Electrical double layer capacitors (EDLCs) store energy by accumulating ions in electrolyte at electrode-electrolyte interface in the form of a double layer (DL) in porous electrodes. As electrochemical reactions are not involved, EDLCs find use in devices requiring energy at high rates, such as in hybrid electric vehicles, high power electric tools, and emergency power banks. Highly non-linear decrease in cell voltage with time and decreased availability of stored charge at high discharge rates, observed experimentally, are major technical issues though. We present here results of our probe into these limitations by requiring a transport model to quantitatively explain a large body of experimental data available on variation of cell voltage with discharge time at different electrolyte concentrations and discharge currents, charge redistribution and voltage recovery of EDLC during relaxation, and other characteristics. The model utilizes experimentally measured variation of electrolyte conductivity with salt concentration to make predictions for EDLC characteristics.

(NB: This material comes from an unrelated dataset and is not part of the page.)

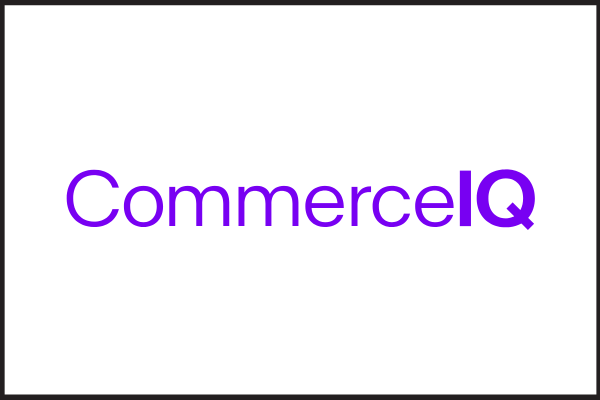 Commerce IQ Company hiring Software development engineer I – Freshers apply Fast!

In order for the model to consistently explain all the known experimental findings, it requires that (i) the double layer capacitance must vary with local potential difference and electrolyte concentration, (ii) it must decrease with an increase in local voltage drop, (iii) it must vary with local salt concentration in the same manner as bulk conductivity does, and (iv) ionic conductivity in pores of carbon electrodes must be an order of magnitude smaller than the reduced conductivity of electrolyte in porous media, as captured by the correlations available in the literature. While it is known that double layer capacitance in porous media is understood only poorly, to the best of our knowledge, this is the first time that model based probe has clearly and ambiguously brought out unexpected dependence of capacitance on various parameters.